For those who aren’t aware of Musk’s charismatic leadership style, his approach is founded on empowering individuals and teams to get stuff done. His employees can expect their management to give them what they need and not stand in their way, but importantly, the team must find out what they need and make it transparent. Everyone is accountable – and this is where Scrum comes in.

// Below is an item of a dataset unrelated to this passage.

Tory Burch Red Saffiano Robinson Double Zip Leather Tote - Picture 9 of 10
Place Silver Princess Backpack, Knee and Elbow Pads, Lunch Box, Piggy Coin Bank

Scrum Teams are effective when they self-manage. Sadly, it is a concept that is commonly misunderstood; mistaking it to mean that the team manages their entire existence without support from their organisation – this is not the case. Self-management is when a team decides who does what, when and how and importantly, the Scrum events underpin this concept. In complex environments (where more is unknown than known), having the people closest to the problem is vital. The ability to pivot rapidly, supported by a rapid time to market and tight quality controls is the core of what Business Agility actually means.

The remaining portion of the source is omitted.